UT community hopes for speedy Supreme Court decision on Texas’ new abortion law

Marisa Huerta, News Reporter

Some UT community members are hopeful the U.S. Supreme Court will overturn Texas’ new restrictive abortion law after the court started hearing oral arguments Nov. 1 for two cases against its enforcement.

The issue being argued in one of the cases is not if a ban on abortion is unconstitutional, but rather how abortion providers can evade the threat of lawsuit, UT law professor Elizabeth Sepper said. Senate Bill 8 went into effect Sept. 1, and bans abortions as early as six weeks into pregnancy or upon detection of a fetal heartbeat. The law also allows private citizens to sue those who recieve, provide or aid an abortion.

Following various protests and social movements across the country, the United States Department of Justice filed suit against the state of Texas in September, challenging the constitutionality of the law. In another case, Whole Woman’s Health filed suit on behalf of several other abortion providers to block state clerks from accepting any lawsuits pertaining to Senate Bill 8 filed by Texas citizens.


“(Senate Bill 8) is quite obviously an attempt to do an end run around the U.S. Constitution, so in that sense, it suggests the Constitution is not supreme,” Sepper said. “Right now, the rule of (Senate Bill 8) is prevailing over the constitutional rule that says abortion has to be legal until viability.”

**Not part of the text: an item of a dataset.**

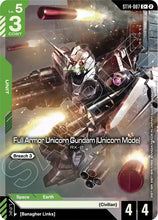 Load image into Gallery viewer, Starter Deck Cards - ST (Singles) - Gundam [ENG]
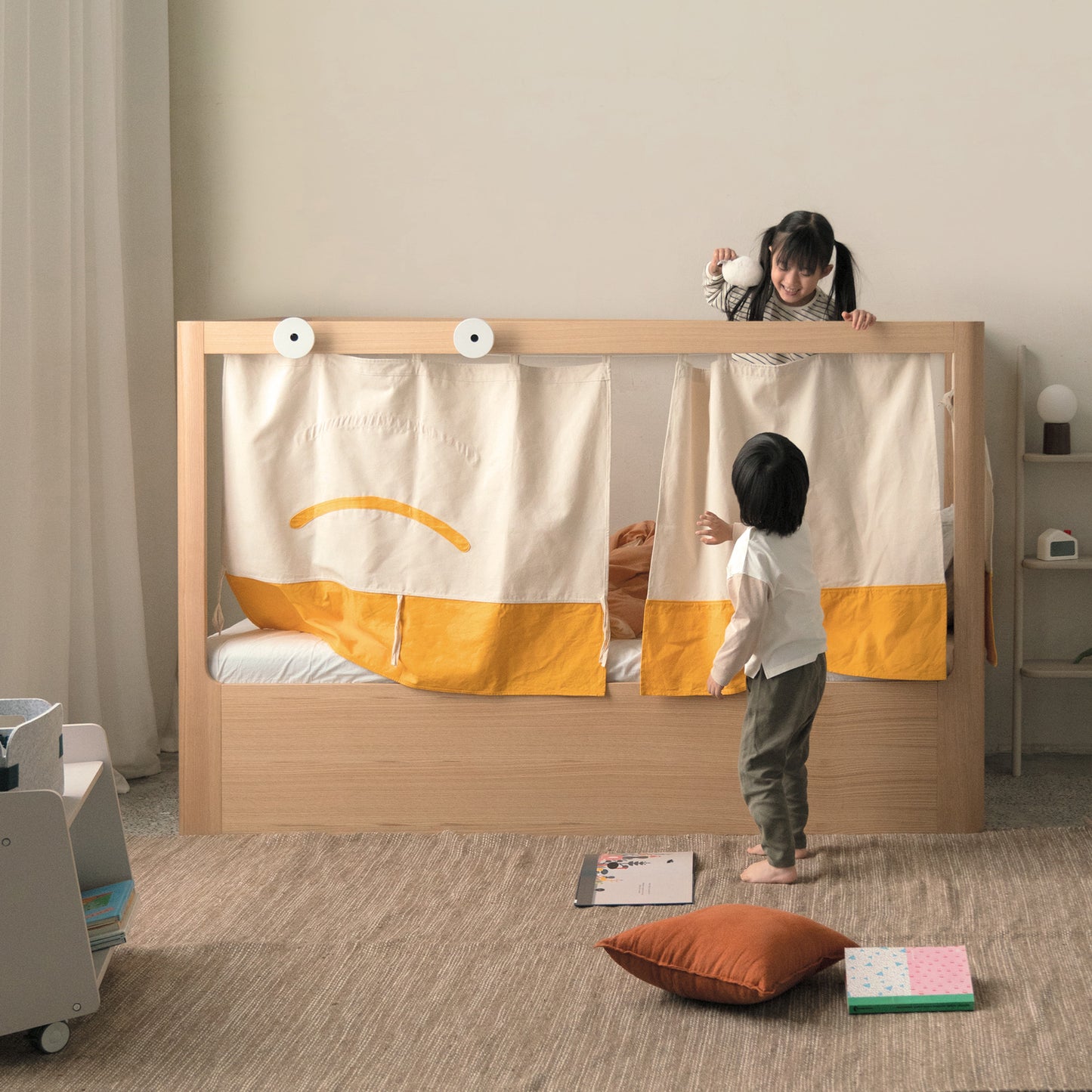 Big Eyes Bed Accessories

Texas citizens who enforce the abortion law would do so by bringing civil lawsuits to those who aid in abortion care, including abortion funds and doctors, said Cristina Parker, communications director at The Lilith Fund for Reproductive Equity. The Lilith Fund is one of many plaintiffs in the abortion providers’ case brought to the Supreme Court.

“The rights and lives of Texans have been absolutely devastated by this for 70 days,” Parker said. “That’s a long time for people in a state to have lost access to a fundamental right for an essential health care procedure like abortion.”

Proving Senate Bill 8 is unconstitutional will be tricky, Sepper said, because the law is not enforced by the state itself, but by citizens who report abortions. This makes the process through the federal courts to deem the law unconstitutional more difficult.

“So whether there is a path through the federal courts to challenge Senate Bill 8 after argument, it seems likely that the answer will be ‘yes’ for abortion providers, and more likely the answer will be ‘no’ for the United States v. Texas,” Sepper said.

Sepper said another issue with Senate Bill 8 is that no one has been convicted under the law yet and the only time a law’s constitutionality can be questioned is during the trial and appeal process. So the abortion providers are arguing based on hypothetical situations of someone suing, which was Chief Justice John Roberts’s concern during the hearing.

University Democrats President Eleanor Walter said she would like to see more action from the Supreme Court against Senate Bill 8 and hopes it will respect the precedent that Roe v. Wade has set by overturning it.

“If I were walking home at night, as I often do, and someone attacked me and raped me, and I got pregnant, I wouldn’t be able to do anything,” said Walter, a government and theater studies junior. “That’s a reality that me and many of my friends have to live with.”